There is in a large section of Scottish society a lack of understanding and respect for a community of people who have been born here, will die here, contribute to society here and will achieve the great milestones of their lives here, but who identify with Ireland and feel—to greater or lesser degrees—some form of Irishness.
An identification with Ireland is not a slight on Scotland. It is possible—clearly—to feel positively and affectionately towards Scotland, while in your heart honouring the history of your family and community by maintaining your connection with a country that—beginning in the grip of devastating hunger and continuing through subsequent waves of economic migration—has sent her children to the four corners of the earth.
A very peculiar challenge
The Irish in Scotland are not an anomaly as an immigrant community for refusing to break their link with ‘the old country’—a behaviour completely typical of immigrant communities around the globe. Rather, the attitude present in Scottish society of studiously and wilfully failing to understand that an immigrant community may possess its own characteristics, its own culture and its own identity when looking at the Irish community in Scotland is an unusual position for a host nation to display.
When such questioning comes from someone identifying as an Irish person themselves it becomes even more bizarre. When it comes from someone who seeks to affect policy on such issues it stops becoming bizarre and starts becoming dangerous.
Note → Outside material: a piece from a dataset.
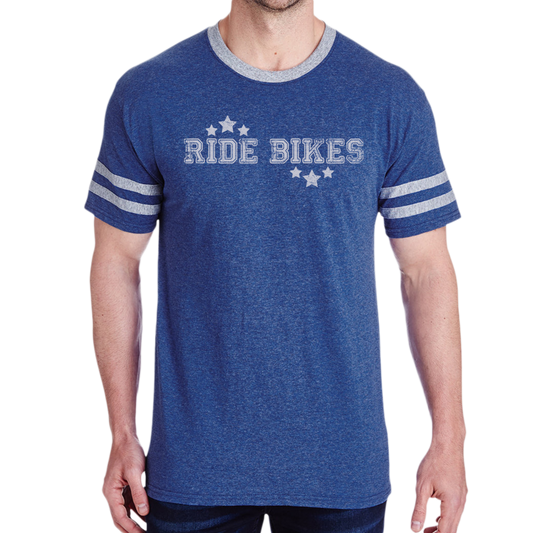Collegiate Football Tee - Blue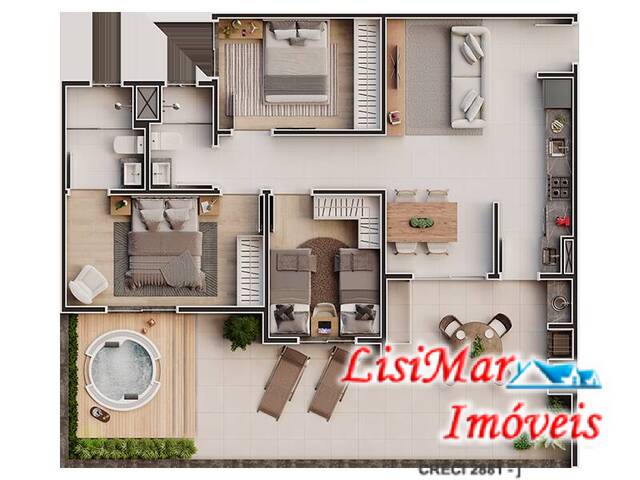 #1848 - Apartamento para Venda em Itapoá - SC - 3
Naturally the immigrant communities mentioned here (and others) face challenges of their own—some shared with the Irish community and others quite distinct—but they do not face a challenge to the very fact of their existence.
At a time when the fight against anti-Irish racism has a new weapon in the form of the Call It Out campaign, we must treat with suspicion any attempts to solve the problem of anti-Irish racism not by changing attitudes and demonstrating the realities of hateful behaviours, but by solving the problem of the Irish community.
If there is no community then it can’t experience racism; if there are no victims then there can have been no crime—and anti-sectarianism efforts can continue their strategies. unchallenged by the fact that the Irish community in Scotland is disproportionately affected by hate crime, poverty, ill-health, poor housing, unemployment and imprisonment.
Who has the duty to seek out this sort of recognition? No-one. Other communities do not have to beg to be recognised, and nor should we. Who can grant this recognition? Certainly not Dave Scott and nil By Mouth.